Thx for the link Rich ...
I downloaded it, split the file ...
BUT, I'm not really savvy in this department ...
I could not figure out how to save it as an MP3 file again ...
It kept trying to save it as an audacity file ...
and saying I needed to download something else ...


I'm kind of stuck again ...

Is it possible to burn an MP3 onto a DVD disk for a longer running audio time?


----------



## Nebrexan (Dec 19, 2007)

I don't have Audacity on this PC, but I think what I do is open the file, highlight part 1, choose Export as MP3 from the File menu, save as "Part 1", delete the selection, then Export the remainder as Part 2. There may be a more direct way to do it, though.


----------



## blhowes (Dec 19, 2007)

Nebrexan said:


> I don't have Audacity on this PC, but I think what I do is open the file, highlight part 1, choose Export as MP3 from the File menu, save as "Part 1", delete the selection, then Export the remainder as Part 2. There may be a more direct way to do it, though.


I don't have it in front of me either, but I think you'd want to select "Export Selection as MP3", from the File menu.

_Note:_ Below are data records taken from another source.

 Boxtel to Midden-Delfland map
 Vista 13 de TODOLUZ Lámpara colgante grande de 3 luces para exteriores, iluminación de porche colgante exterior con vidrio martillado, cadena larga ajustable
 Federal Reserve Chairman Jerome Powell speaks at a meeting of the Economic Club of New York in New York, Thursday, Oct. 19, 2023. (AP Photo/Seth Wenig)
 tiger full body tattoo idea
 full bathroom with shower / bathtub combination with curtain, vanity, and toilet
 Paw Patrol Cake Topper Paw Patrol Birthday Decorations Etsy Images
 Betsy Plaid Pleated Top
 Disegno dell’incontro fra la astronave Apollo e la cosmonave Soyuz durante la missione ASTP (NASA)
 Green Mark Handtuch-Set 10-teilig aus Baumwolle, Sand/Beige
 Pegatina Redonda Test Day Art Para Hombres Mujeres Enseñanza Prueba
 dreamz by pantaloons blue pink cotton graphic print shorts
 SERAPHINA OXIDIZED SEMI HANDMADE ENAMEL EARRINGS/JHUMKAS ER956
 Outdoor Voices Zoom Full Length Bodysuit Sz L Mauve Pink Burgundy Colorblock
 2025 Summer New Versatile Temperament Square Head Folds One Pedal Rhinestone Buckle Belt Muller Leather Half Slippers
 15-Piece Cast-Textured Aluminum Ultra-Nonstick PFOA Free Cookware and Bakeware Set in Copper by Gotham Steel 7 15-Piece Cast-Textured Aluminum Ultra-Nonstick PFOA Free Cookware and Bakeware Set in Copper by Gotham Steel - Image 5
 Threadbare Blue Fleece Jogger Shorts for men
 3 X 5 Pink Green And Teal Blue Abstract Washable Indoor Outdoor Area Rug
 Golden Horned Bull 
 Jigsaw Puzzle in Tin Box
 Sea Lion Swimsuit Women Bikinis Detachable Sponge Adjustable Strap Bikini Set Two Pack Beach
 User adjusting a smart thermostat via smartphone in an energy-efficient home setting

As part of my learning curve, I selected Export as MP3 which exported the whole file.


----------



## Eoghan (Dec 19, 2007)

Why not simply use an mp3 player? You could use the cassette converter to listen to it in the car or add external speakers to the mp3 players for work (coffee break I presume).

I leant an mp3 disc player (which plays normal CD'd as well to a friend at church).

I would use AUDACITY for splitting as well. However some sermons from semonaudio.com are a s low as 16 bit (128 is normal) and you might find problems converting and playing these.

I am interested in the subject - OT quotes in the NT - PM me if this is an interest of yours too.


----------



## tcalbrecht (Dec 19, 2007)

ANT said:


> Thx for the link Rich ...
> I downloaded it, split the file ...
> BUT, I'm not really savvy in this department ...
> I could not figure out how to save it as an MP3 file again ...
> ...



Audacity as two options of interest, Export as MP3 and Export Selection as MP3. The second option allows you to select a region of theaudio file and just convert that selection to MP3. BTW, make sure you set the correct MP3 options, like bitrate. Otherwise you might get an unnecessarily large file. 

You will also need to install an MP3 encoder like Lame. See How do I download and install the LAME MP3 encoder?


----------



## ANT (Dec 19, 2007)

tcalbrecht said:


> You will also need to install an MP3 encoder like Lame. See How do I download and install the LAME MP3 encoder?




This is exactly what it was telling me, and I was at a loss of knowing what to do ... I'm gonna give it another shot.


----------



## ANT (Dec 19, 2007)

WooHoo!!! 

It Worked!

I downloaded the Lame dll and ... presto-chango ... It worked.
I'm a happy man!

Thanks everyone for the help in directing me in what to do!

I have already split it and burned them onto an audio CD ...
Now ... I'm excited to get to work.


----------